Start of Available data

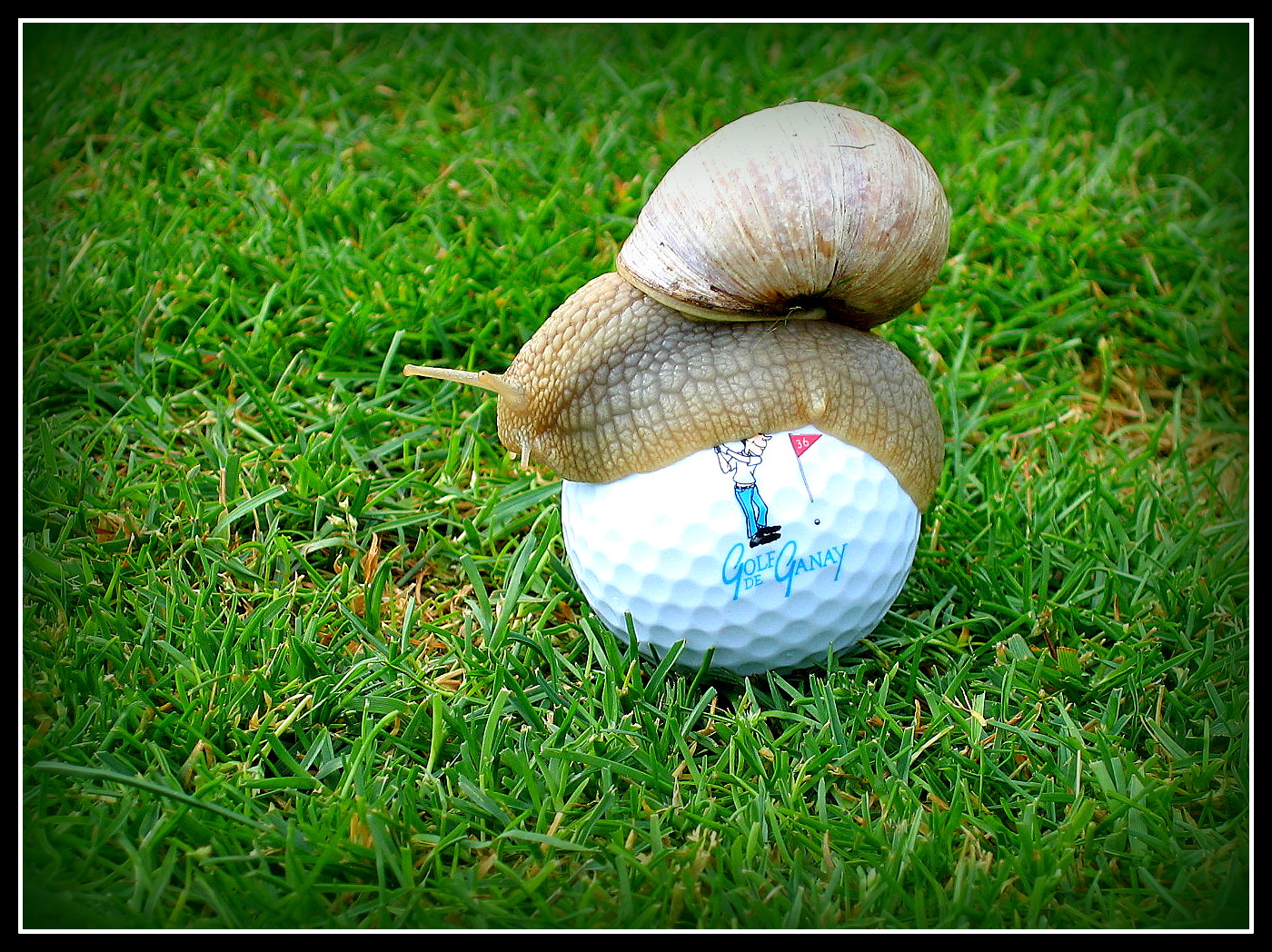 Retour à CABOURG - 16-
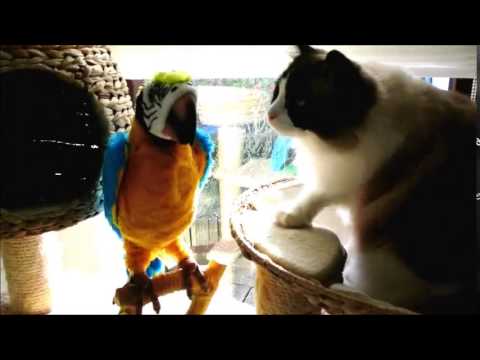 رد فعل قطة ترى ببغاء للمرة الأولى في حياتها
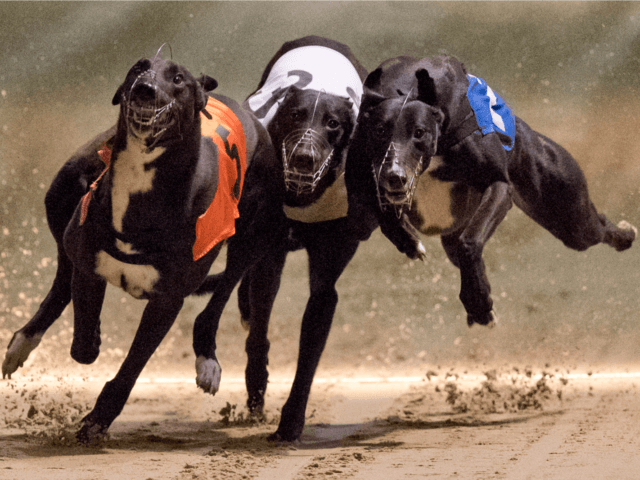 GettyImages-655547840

End of Available data
Start of Available data

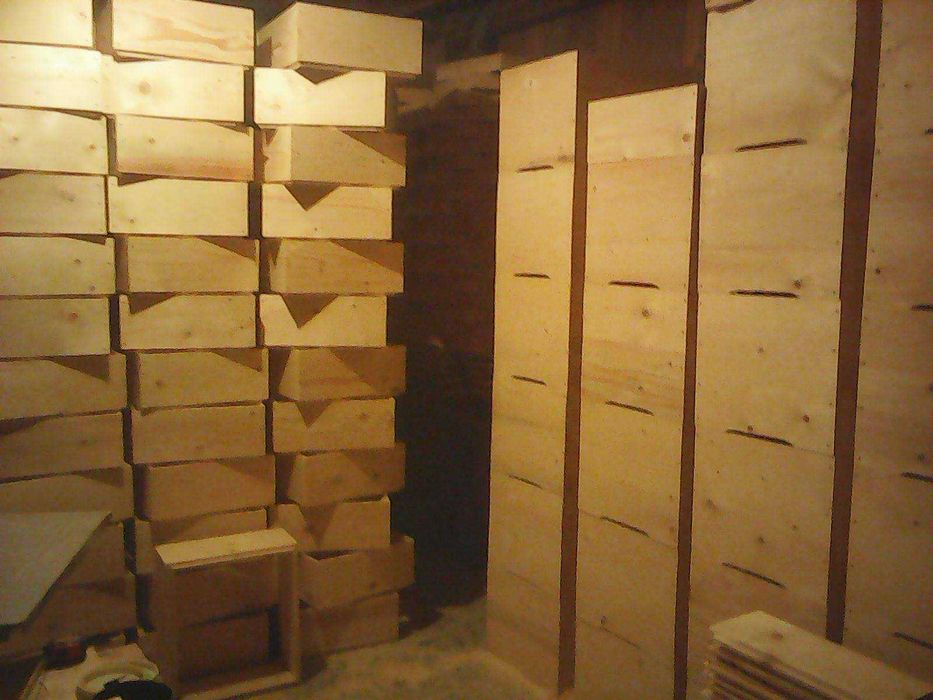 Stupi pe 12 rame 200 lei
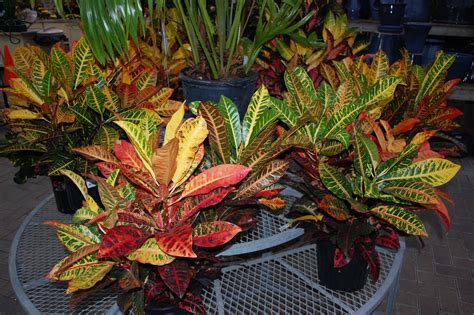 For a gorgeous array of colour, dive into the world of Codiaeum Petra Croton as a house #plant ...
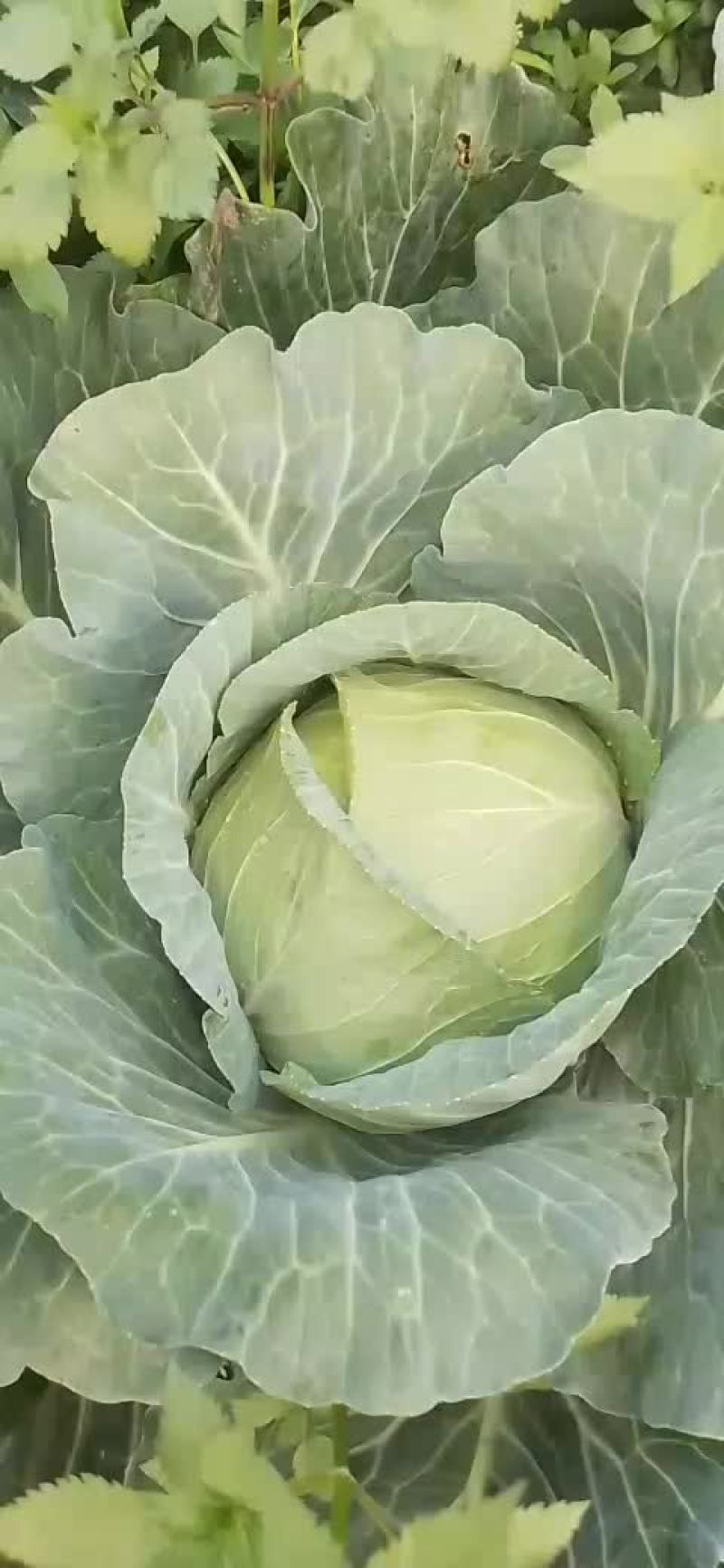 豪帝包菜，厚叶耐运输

End of Available data
Start of Available data

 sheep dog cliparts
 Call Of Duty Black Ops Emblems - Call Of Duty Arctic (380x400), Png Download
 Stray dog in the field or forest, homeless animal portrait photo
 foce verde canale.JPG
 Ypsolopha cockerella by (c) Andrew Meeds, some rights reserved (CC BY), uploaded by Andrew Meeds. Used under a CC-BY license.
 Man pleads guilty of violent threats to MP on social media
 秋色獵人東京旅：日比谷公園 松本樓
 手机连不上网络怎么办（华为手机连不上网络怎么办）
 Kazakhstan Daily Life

End of Available data

Work request →
From the records above, copy out the line with "foce verde canale.JPG", the line with "手机连不上网络怎么办（华为手机连不上网络怎么办）", and every line between them, word for word.

Answer area →
 foce verde canale.JPG
 Ypsolopha cockerella by (c) Andrew Meeds, some rights reserved (CC BY), uploaded by Andrew Meeds. Used under a CC-BY license.
 Man pleads guilty of violent threats to MP on social media
 秋色獵人東京旅：日比谷公園 松本樓
 手机连不上网络怎么办（华为手机连不上网络怎么办）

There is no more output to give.